May 04, 2016
By Bob LaRochelle.
'I ask not only on behalf of these, but also on behalf of those who will believe in me through their word, that they may all be one. As you, Father, are in me and I am in you, may they also be in us, so that the world may believe that you have sent me. The glory that you have given me I have given them, so that they may be one, as we are one, I in them and you in me, that they may become completely one, so that the world may know that you have sent me and have loved them even as you have loved me. Father, I desire that those also, whom you have given me, may be with me where I am, to see my glory, which you have given me because you loved me before the foundation of the world.
'Righteous Father, the world does not know you, but I know you; and these know that you have sent me. I made your name known to them, and I will make it known, so that the love with which you have loved me may be in them, and I in them.'
Living as we are in the heat of an election year, one in which the politics of division has dominated the electoral process, those of us interested in the potentially positive role of spirituality (and maybe even organized religion) in human living are reminded that divisiveness has been a human reality for a very long time. It most certainly has been a part of the 'religious scene', for sure, even as it so sadly is today on so many fronts.
This limited space is not the place to analyze in detail the causality or the history of this sad human tendency to DIVIDE. I think it appropriate instead to acknowledge the impulse toward seeking UNITY that prompted this prayer of Jesus. This prayer, while certainly directed at early disciples of Jesus, taps into a universal message articulated in the religious tradition in which Jesus was raised, yet found also in so many religious approaches outside of the 'Judaeo- Christian' realm. It also acknowledges a reality existent in Jesus' day, most certainly all too real in this time in which we live as well.
There is a beautiful, mystical feel to these words attributed to Jesus, born of a mysticism that was part of his tradition.

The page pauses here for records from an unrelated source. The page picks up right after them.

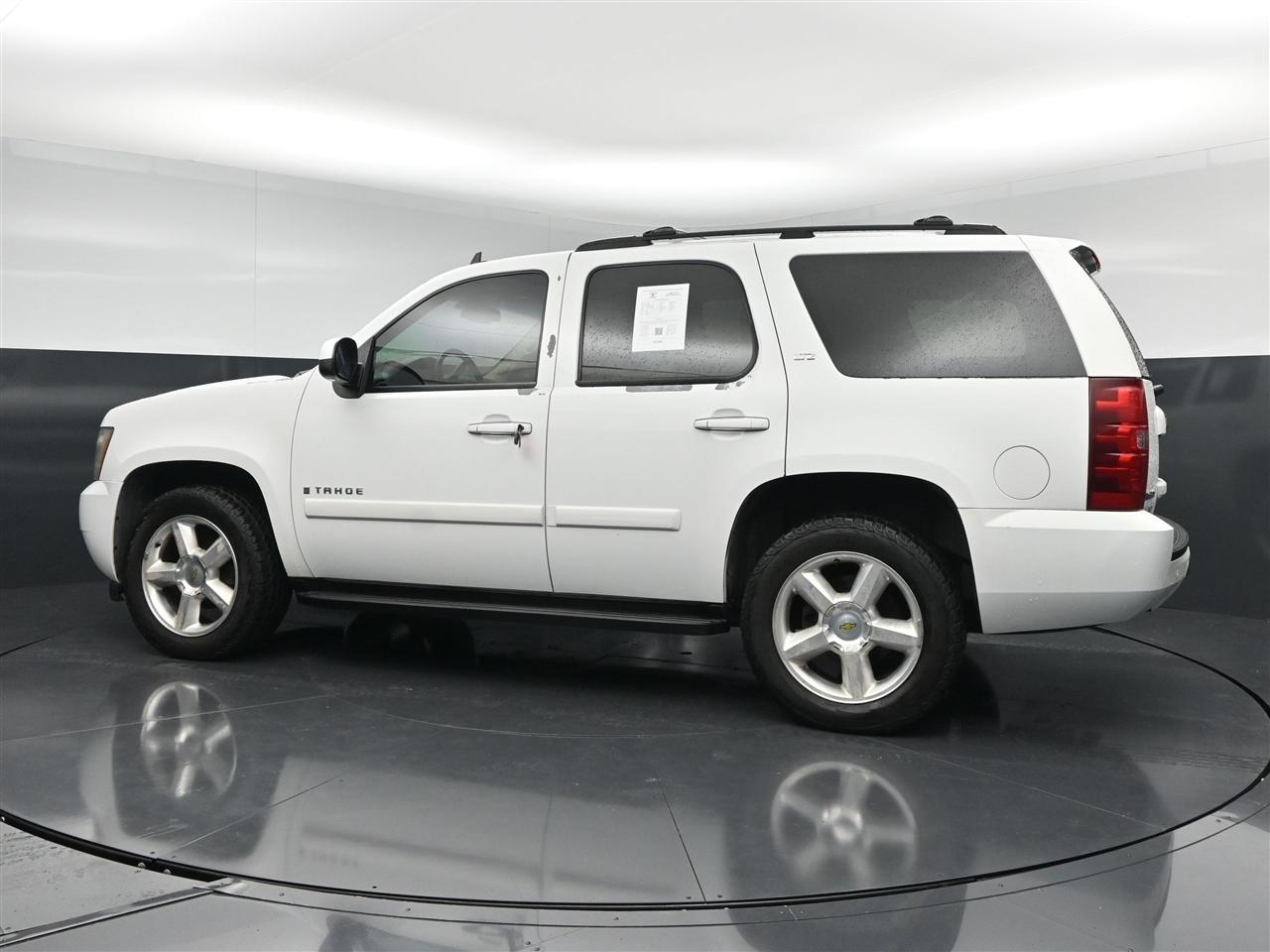Chevrolet Tahoe LTZ 4WD 2007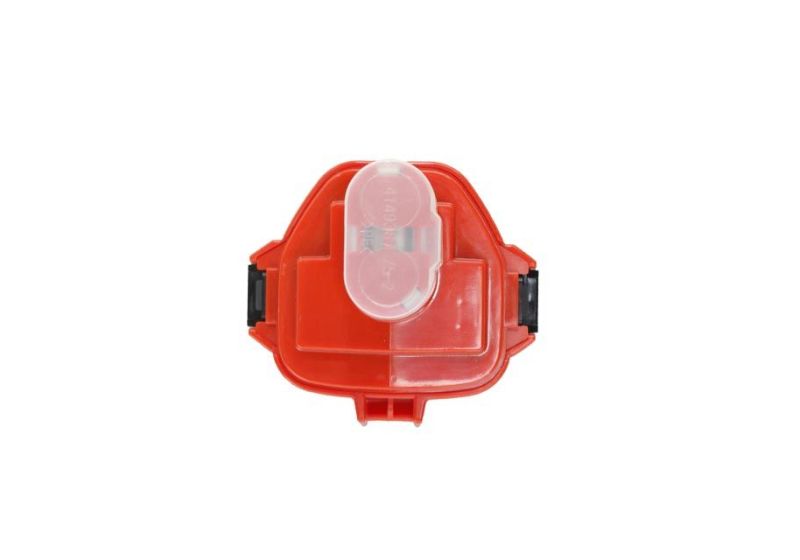 Rechargeable press battery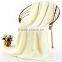 Factory Price Bamboo Fiber Bath Beach Towels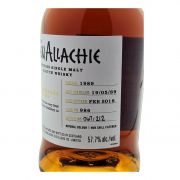 Glenallachie 28yo 1989/2018 50th Anniversary bottling | Single Cask #986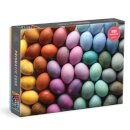 Prismatic Eggs 1000 Piece Puzzle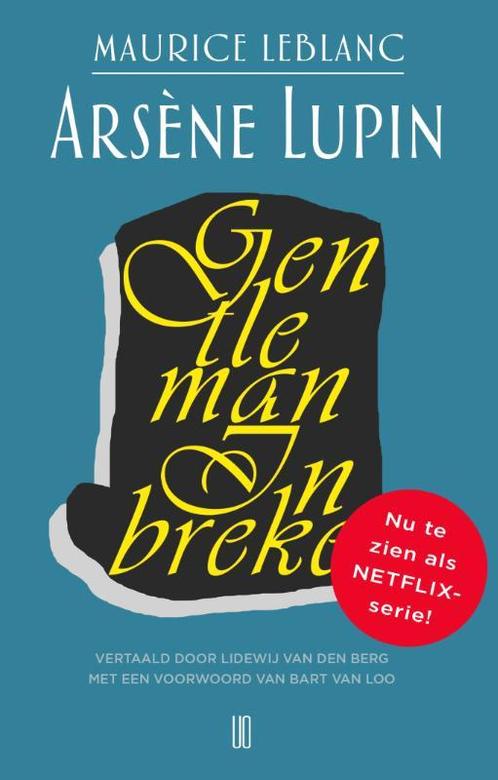 Arsène Lupin, gentleman inbreker 9789492068026, Boeken, Detectives, Gelezen, Verzenden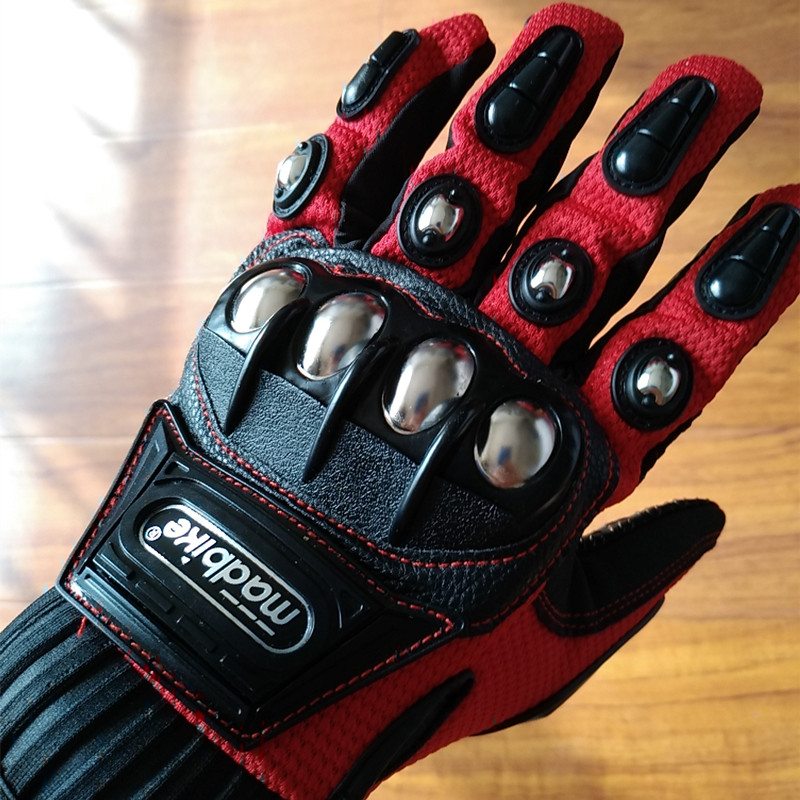 Brass Knuckles Motorcycle MTB  - огляд і ціна Motorcycle Glove Knuckle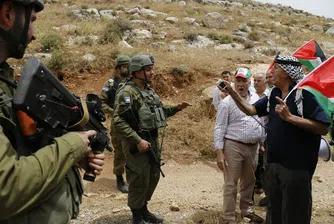 Какво могат да научат израелци и палестинци от Дейтънските споразумения за Босна?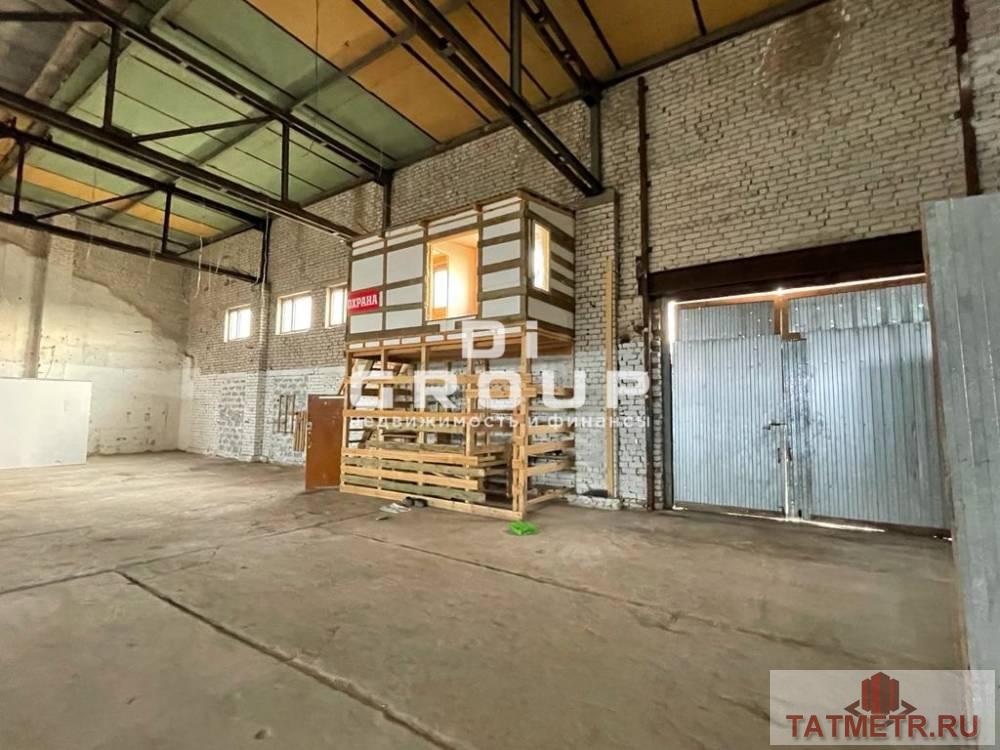 Аренда / Коммерческая / Warehouse, Васильево, 84 000 Сдается неотапливаемое помещение площадью 560 кв м, расположенное та территории охраняемой базы в поселке Васильево... - 3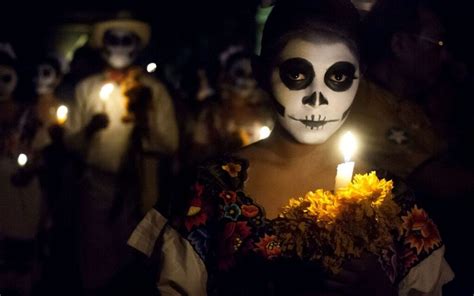 Día De Muertos En México Su Origen Y Significado Columnas De México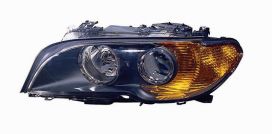 LHD Headlight Bmw Series 3 E46 Coupe Cabrio 2003-2006 Left 63126935715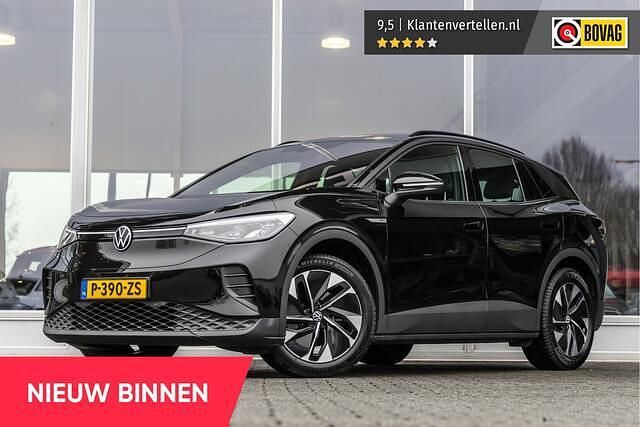 Occasion VW ID.4 Pro 150 kW (204 PK) 2022 Zwart (metallic) SUV
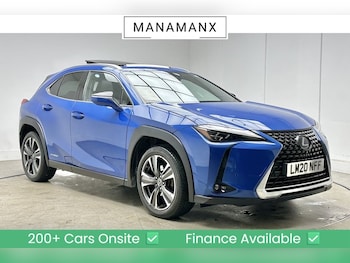 Used Lexus UX 2020 for sale - 78714936: Photo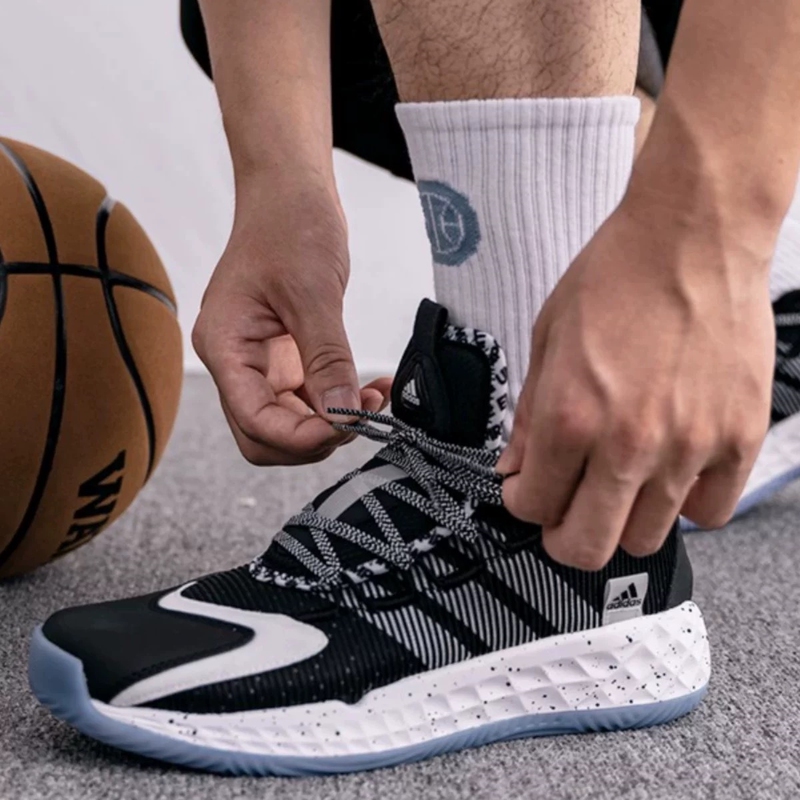 Adidas Pro Boost Gcalow Men's Sports Practical Wear-Resistant Cushioning Basketball Shoes Fx9238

Reflection on his words beg questions about how WE, 21st century disciples, are able to visualize a oneness that resides in the heart of creation and then to ACT in the spirit of what we are able to imagine. These are words applicable both internally to the life of the church and in relationship to all that constitutes God's created order. Words spoken in a specific time and context speak to us across the generations and raise new questions for us in our world today, a world which has all too readily embraced the rhetoric, the politics and, sadly, the religion of division. In fact, these words transcend organized religion, while at the same time energizing it, leading us into a way of understanding that draws us more deeply into that which we call 'the divine.'
O God, source of all creation, help us to embrace these very words. Lead us as we embrace your very creation as well, seeing in these words of Jesus a vision of unity and oneness existent in the very depth of our lives, a vision for us to embrace, a vision by which we might live! We pray this in His name, the name of Jesus! Amen
Spirited Wednesday: May 04, 2016 , by Bob LaRochelle.